Davalı vekili, müvekkili şirkete husumet yöneltilemeyeceğini, güvenlik adına üzerine düşen bütün sorumluluklarını yerine getirdiğini savunarak davanın reddini, davanın güvenlik işiyle ilgili görev yapan P.. A... ve E... Sigorta A.Ş."ne ihbarını istemiştir.
Mahkemece, iddia, savunma ve dosya kapsamına göre; hırsızlık olayının olduğu AVM otoparkında güvenlik görevlisi, elli adet kamera, müşterileri değerli eşyalarını yanlarına almaları, araç içine bırakmamaları konusunda uyarıların ve AVM içinde kilitli dolapların olduğu, davalının güvenlik önlemlerini aldığı, davacıların değerli eşyalarını araç içinde bırakmaması uyarısına rağmen davaya konu eşyaları araç içinde bıraktığı, bu durumda davalının sorumlu olamayacağı, kaldı ki davacıların aracın içerisinde davaya konu eşyaların olduğunu ispatlayamadıkları gerekçesiyle, maddi tazminat ile ilgili davanın; davacıların kişilik haklarına saldırı olmadığı ve manevi tazminatın koşullarının oluşmadığı gerekçesiyle de manevi tazminat ile ilgili davanın reddine karar verilmiştir.
Kararı, davacılar vekili temyiz etmiştir.
1- Maddi tazminata yönelik verilen karara ilişkin temyiz istemi yönünden;
5219 Sayılı Kanun ile yapılan değişiklik sonucu HUMK"nın 427. maddesinde öngörülen kesinlik sınırı, 5236 sayılı Kanun"un 19. maddesiyle HUMK’na eklenen Ek-Madde 4’te öngörülen yeniden değerleme oranı da dikkate alındığında 2012 yılı için 1.690,00 TL"dir.
Dava dilekçesinde, maddi zararının tamamının 1.385,49 TL olduğu ileri sürülerek anılan miktarın tahsili istenilmiş olup, mahkemece, maddi tazminat yönünden davanın reddine dair verilen karar, yukarıda anılan madde hükmüne göre temyiz sınırının altında kaldığı cihetle kesin niteliktedir.

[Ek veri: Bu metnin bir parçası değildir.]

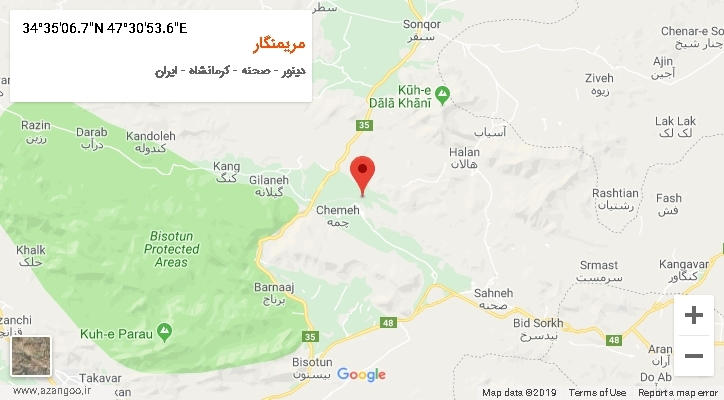 روستای مریمنگار بر روی نقشه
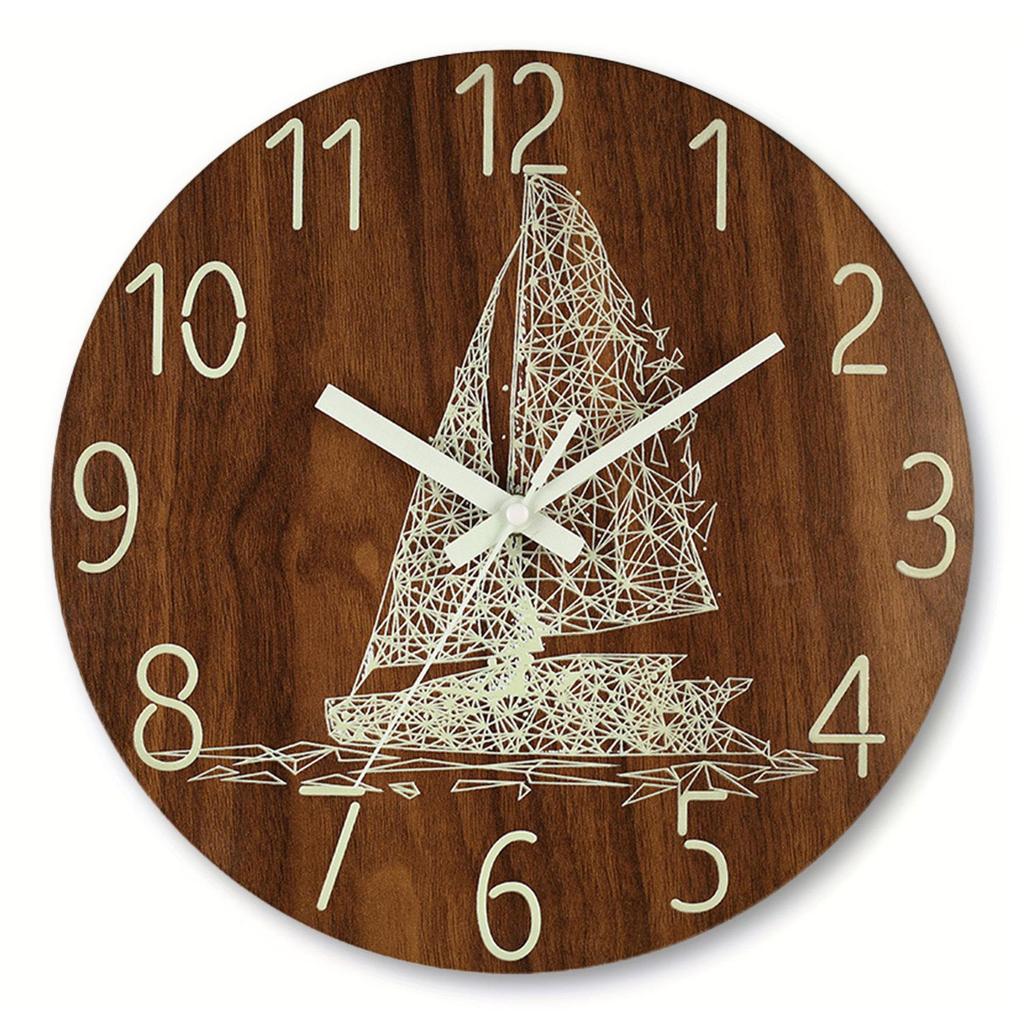 8" Silent Luminous Wall Clock, Wood Grain MDF, Fluorescent Quartz Clock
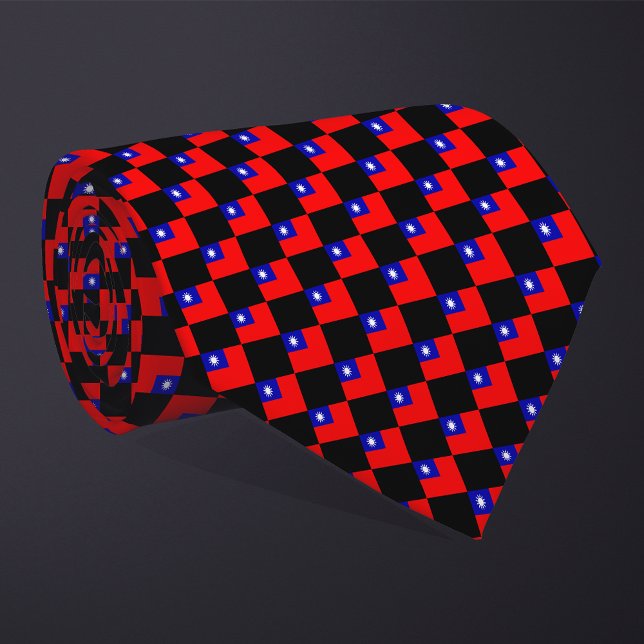 Chequered Taiwan Flag Pattern  Tie (Creator Uploaded)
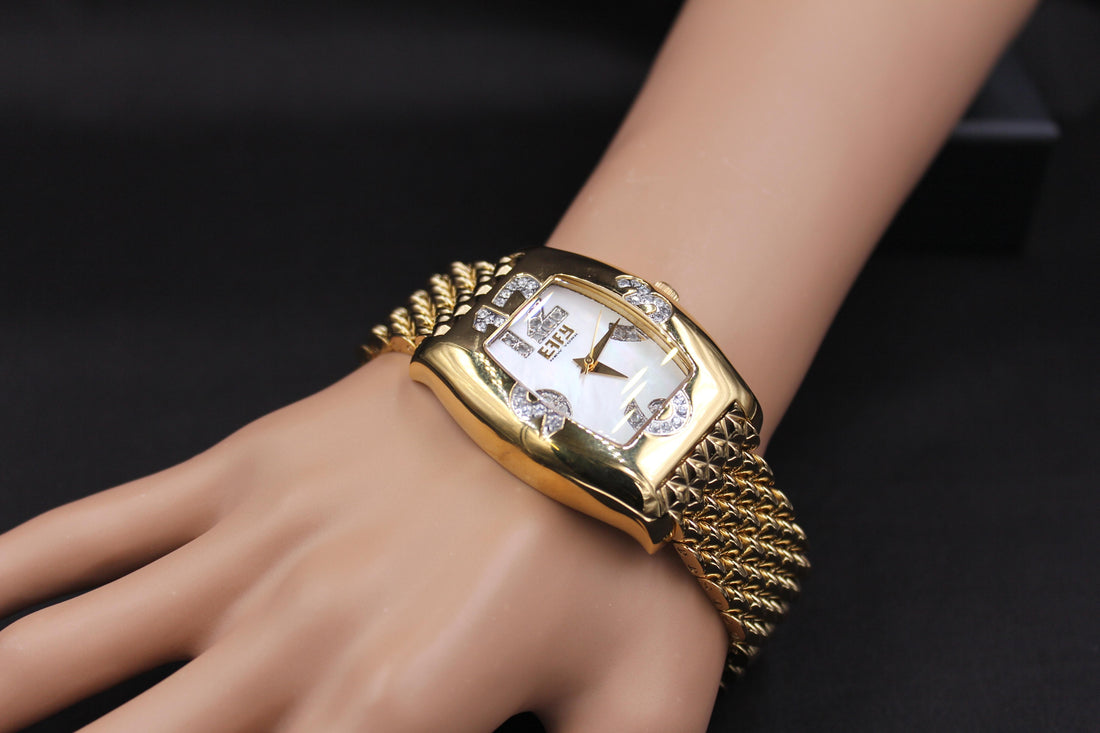 White Sapphires Pave Dial Luxury Swiss Quartz Exotic Watch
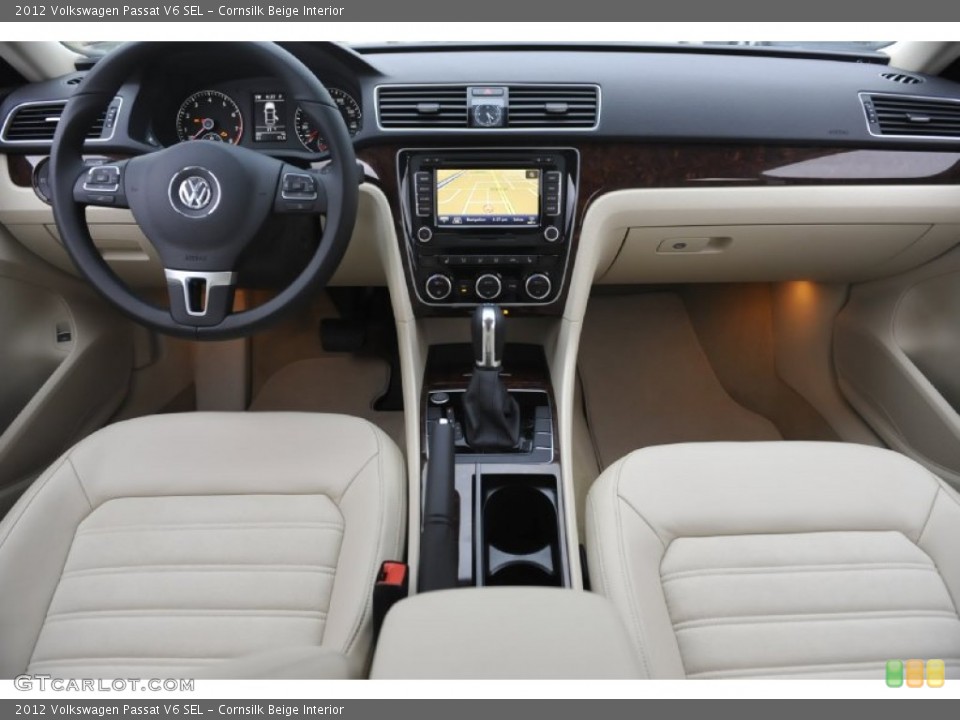 Cornsilk Beige Interior Dashboard for the 2012 Volkswagen Passat V6 SEL #56786230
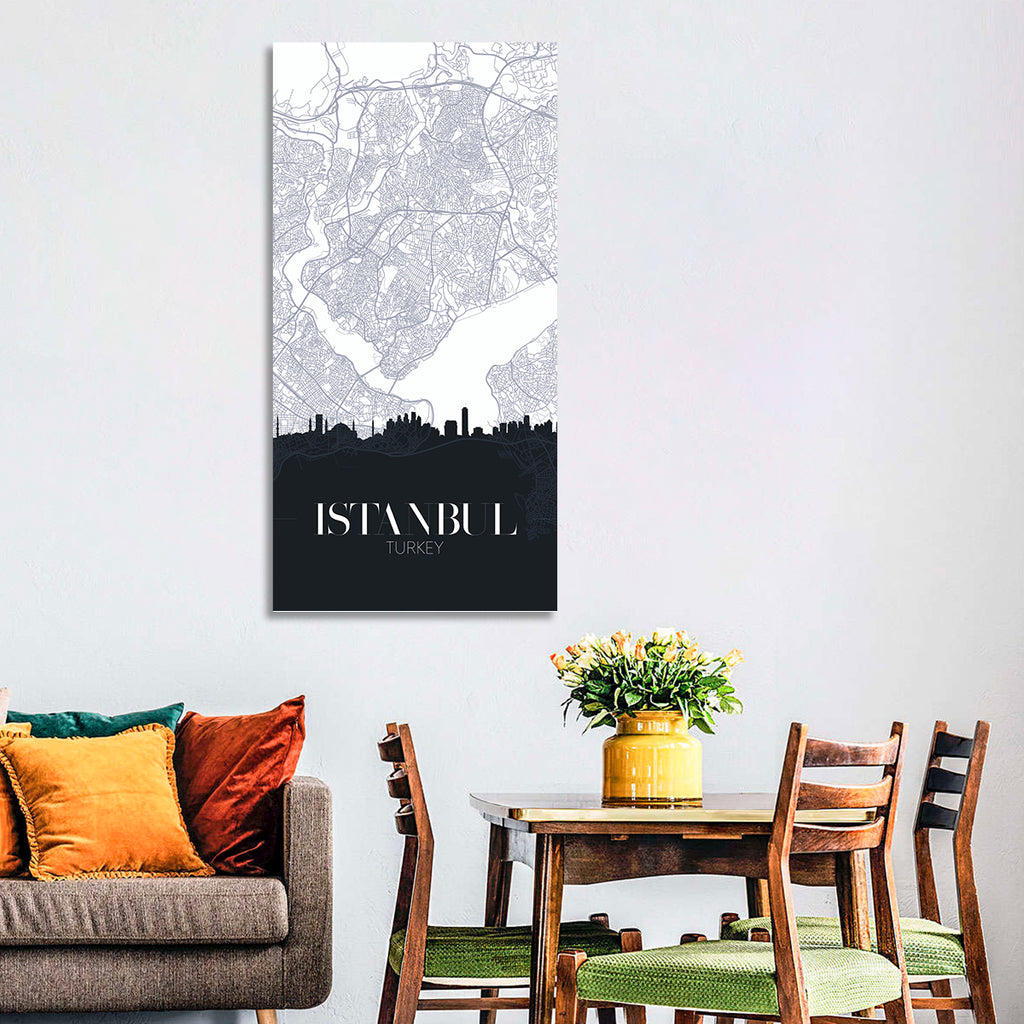 Istanbul Map and Skyline Wall Art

Kesin olan kararların temyiz istemleri hakkında mahkemece bir karar verilebileceği gibi, 01.06.1990 gün ve 1989/3 Esas, 1990/4 Karar sayılı İçtihadı Birleştirme Kararı uyarınca Yargıtay tarafından da karar verilebileceğinden, davacılar vekilinin maddi tazminata yönelik verilen karara ilişkin temyiz isteminin reddine karar verilmesi gerekmiştir.
2- Manevi tazminata yönelik verilen karara ilişkin temyiz itirazlarına gelince;
Dosyadaki yazılara, kararın dayandığı delillerle gerektirici sebeplere, delillerin takdirinde bir isabetsizlik bulunmamasına göre, davacılar vekilinin manevi tazminata yönelik verilen karara ilişkin temyiz itirazları yerinde görülmemiştir.
SONUÇ: Yukarıda (1) numaralı bentte açıklanan nedenlerle, davacılar vekilinin maddi tazminata ilişkin hükme yönelik temyiz isteminin mahkeme hükmünün kesin olması nedeniyle REDDİNE, (2) numaralı bentte açıklanan nedenlerle davacılar vekilinin manevi tazminata ilişkin hükme yönelik tüm temyiz itirazlarının reddiyle usul ve kanuna uygun bulunan hükmün ONANMASINA, aşağıda yazılı onama harcının temyiz edenlerden alınmasına, karar düzeltme yolu kapalı olmak üzere, 06.05.2014 tarihinde oybirliğiyle karar verildi.